THE GREEN EYED INFERTILE MONSTER

Updated: Mar 27, 2020

Why I’ll never be angry at pregnancy announcements



I started this blog with the naivety that I would be one small number trying to spread the word about infertility and how it affects your life but then I discovered this amazing and huge online TTC (trying to conceive) community. Larger than I ever could have imagined and a safe place to share my musings, frustrations, good news and bad news. I’ve learnt a lot in a relatively short space of time from the stories of others that perhaps I wouldn’t have learnt from medical staff. Amazing.


However, there is a slightly darker side on occasions that has started to make me feel a tad uncomfortable or indeed because I struggle to relate to it. The meme above is just one example.


Now, don’t get me wrong. There is always a pang of jealousy when a Facebook friend announces they’re having a baby or share photos coming home from the maternity ward with their magical new lives that Tom and I so desperately crave. However, I don’t feel that I’m ever in that place where I despise them for sharing their good news. After all, isn’t it what everyone in the TTC community is striving for? We’re all working towards the same goal so it feels odd to then berate couples for reaching that goal.

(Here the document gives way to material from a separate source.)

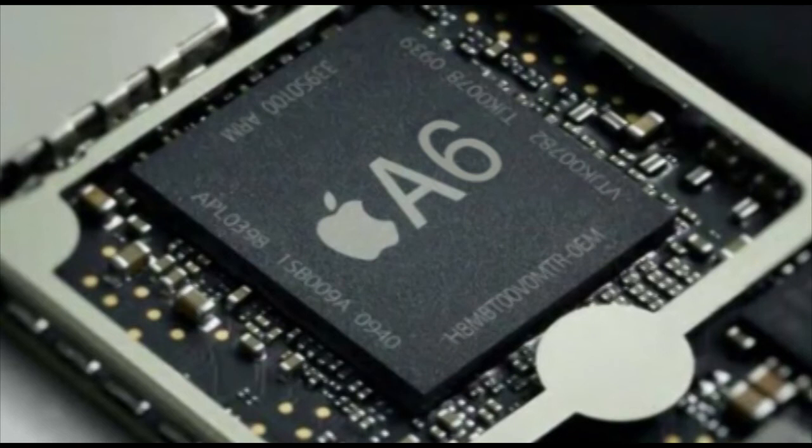Now, you guys are probably wondering how we figured out that there might be an A6 processor. Well, here's how 9to5Mac actually figured this out — they were looking at the developer beta of iOS 5.1, which is the new update that's coming out a little bit later. But in iOS 5.1, they found some code that goes to a certain type of core processor,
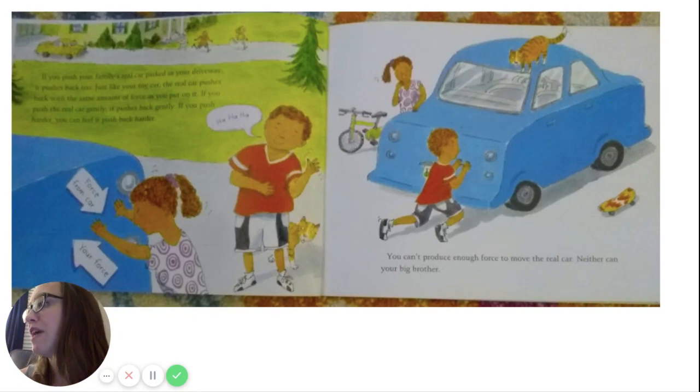If you push your family's real car parked in your driveway, it pushes back too — just like your toy car. The real car pushes back with the same amount of force as you put on it. If you push the car gently, it pushes back gently. If you push harder, you can feel it push back harder. You can't produce enough force to move the real car, and neither can your big brother.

Let me give some perspective. You and I have no idea about someone else’s journey unless they choose to share it. I have no idea what a school friend or work acquaintance has gone through to get pregnant and have a baby. For all I know they’ve experienced miscarriage, years of trying or maybe even thought it might never happen for them. Just like they would have no idea what I’m going through (unless they maybe read my blog!). So why on earth should we make them feel more isolated because of our jealousy?

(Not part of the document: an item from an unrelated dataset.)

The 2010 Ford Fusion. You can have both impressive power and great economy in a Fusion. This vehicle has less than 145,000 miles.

Yeah infertility is fucking hard. Nobody is denying that. And all you can do is educate people so it becomes less of a stigma. But so is being a mum, you’re responsible for a human being- that’s pretty intense! You’ve now got to try and keep someone else alive as well yourself where I am sure you’ve worried about not even being able to keep your house plants going for longer than 6 months.




And there’s crap like this ☝🏻 Do you really want to lose friendships or damage relationships because you find it hard to be happy for someone else? I can’t get my head around it.


I’ve been to 2 baby showers since finding out it would be difficult for us to get pregnant and whilst I have found them harder than normal I do feel like I have to be in a place where those feeling should be set aside to help friends celebrate their lovely news. It’s such a gift that should absolutely be celebrated and I wouldn’t miss it for anything.


I suppose I’m saying it’s fine to say that you’re jealous or that you’re finding it hard to do baby related activities with friends but let’s not make them feel guilty for having children.

In life, there is always someone who has something that you want or living the life that you crave. Before I thought about having a family I would trawl travel blogs and marvel at their lives so carefree and feel envious of the photos of blue skies, crystal clear seas and tanned bodies (I still do this FYI). I don’t really see my fertility story as anything different. One day I will travel to those places on the blog if I can afford it or time allows me too. Or I won’t and instead I’ll enjoy being at home with the cat and reading a good book while it rains outside. One day I will become a mum, we’ll be a family unit and we’ll raise a child together. Or that won’t happen and instead I’ll marvel at my amazing friends and family who are raising their own families and be grateful that I am here to witness it and be part of it.


Moments like this are precious with this delightful little lady- Maddie- daughter of my friend Gemma. Taken at a friend’s house party last night. Maddie loves a selfie! Pictured here with my friend Milly and husband Tom in the background.




Just wanted to share my viewpoint on this and spread a little love this Sunday.